▸ **WHAT YOU SHOULD DO**: Would you write out the full listing exactly, without any pictures?

▸ **DATA BLOCK**:
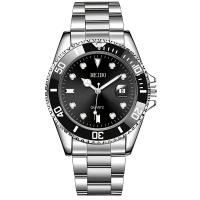 Reloj De Hombre De Lujo En Acero Inoxidable Plata Resistente Al Agua Con Bisel Rotativo Luminoso Y Marcas Arábigas Estilo Casual - details 1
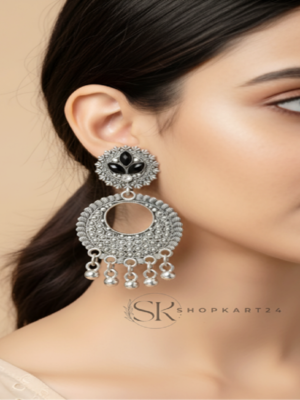 Oxidised Silver Black Stone Circular Drop Earrings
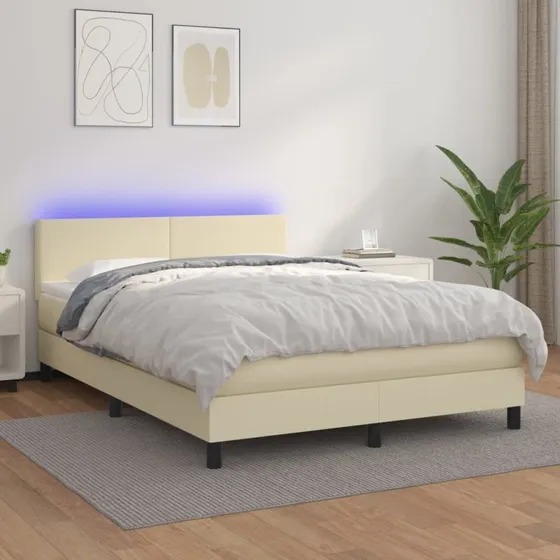 vidaXL Kontinentalseng 140x190 cm med LED-lys i cremefarvet kunstlæder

▸ **TASK ANSWER**:
 Reloj De Hombre De Lujo En Acero Inoxidable Plata Resistente Al Agua Con Bisel Rotativo Luminoso Y Marcas Arábigas Estilo Casual - details 1
 Oxidised Silver Black Stone Circular Drop Earrings
 vidaXL Kontinentalseng 140x190 cm med LED-lys i cremefarvet kunstlæder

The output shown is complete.